Last week Arab News received an e-mail from Lee Gallagher, a first sergeant in the US Army stationed in South Korea. Gallagher is a collector of Intel central processing units (CPUs). The CPU is the brains of the computer. On large machines, CPUs require one or more printed circuit boards. On personal computers and small workstations, the CPU is housed in a single chip called a microprocessor. In the last four years Gallagher has amassed one of the largest Intel CPU collections through trades and purchases worldwide — and he’s on the lookout for more.
“My collection is valued at over $500,000, but I have invested only $150,000 in assembling it,” Gallagher said. “I have several CPUs that are the only ones known in the world. I started collecting CPUs that I pulled out of old computers when I owned a little computer shop in Missouri, US. My business partner thought I was nuts and said that they were only worth the amount of gold you could get out of them, which was about $2. Then I showed him where a CPU, an Intel C4004, went for over $200 on Ebay and although he was amazed, he still didn’t get it.”
However, Gallagher really got bit by the collecting bug and he now owns 27 C4004s. He has seen these CPUs sell for over $1,000.
“Their value has more than doubled in four years and there are versions of the chip that will someday be priceless due to the very few that are out there,” Gallagher remarked.
According to Gallagher, Intel didn’t realize the potential for its chips when the company first began making CPUs. This means that Intel didn’t keep stocks of every chip made. Where are those chips now? All over the world, hidden in old computers and packed into dusty boxes of obsolete spare parts.
Since the CPU is a modern invention, it’s only in about the last decade that serious interest has been shown in collecting the older processors. There is already considerable evidence to support the potential and growing worth of early CPUs. The prices for collectible stamps, coins and baseball cards has in some cases passed millions of dollars for a single item and there is no reason to think that certain CPUs won’t someday be equally valuable.
“The one thing that was holding back interest in the hobby of collecting CPUs was that there was no collector’s guide to microchips,” said Gallagher. “In fact the Intel Corporation did a horrible job of keeping track of what they produced in the early 1970s and you can’t even find documentation on most of their computer chips even by contacting their museum.”
But that obstacle has now been overcome.
“About six years ago a computer programmer, George M. Phillips, Jr., who found the chip collecting hobby interesting, ran into this problem of not having any documentation to base his collection on,” explained Gallagher. “He decided to write an Intel Collector’s Guide. Five years later, after gathering up every Intel piece of literature he could find, he published this guide and what a resource it is. It is over 1,300 pages of information including specs, photos and the values of all the chips made in the 1970s. ‘The Collector’s Guide to Vintage Intel Microchips, 2nd Edition, 2006’ has just been released. With the publication of the guide, the hobby of collecting CPUs has been given a huge boost.”

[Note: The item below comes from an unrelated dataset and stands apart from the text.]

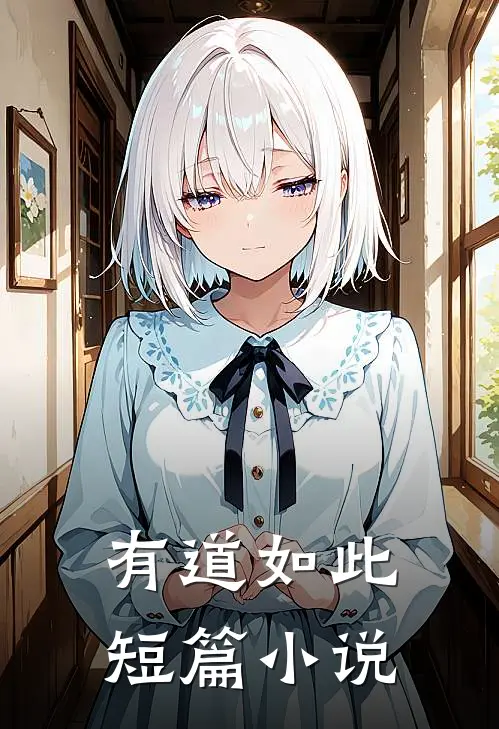 有道如此短篇小说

After the release of the Guide to Vintage Intel Microchips last year, increased interest began to be seen at online auction sites for older microchips. Gallagher stated that it’s not just the CPUs themselves that people collect. Some individuals are collecting decades old software, books and user guides. The bottom line is that if it’s related to computers and was produced in the 1970s, the item will probably fetch a good price.
“Ebay is the No. 1 source for most collectors but amazingly enough some of my rarest chips came from scrap bins. They were only days away from being melted down for their gold,” said Gallagher. “There are also chip brokers online such as usbid.com that are just now becoming aware of what they have and who are already starting to increase their prices.”
Gallagher pointed out that as interest in vintage microchips has grown, dozens of websites focusing on the hobby have been set up. Most of the larger collectors have sites and a few of them have forums. As of yet there are no specialized conferences devoted to computer hardware of historical interest, although in Germany some computer shows have seminars on the topics.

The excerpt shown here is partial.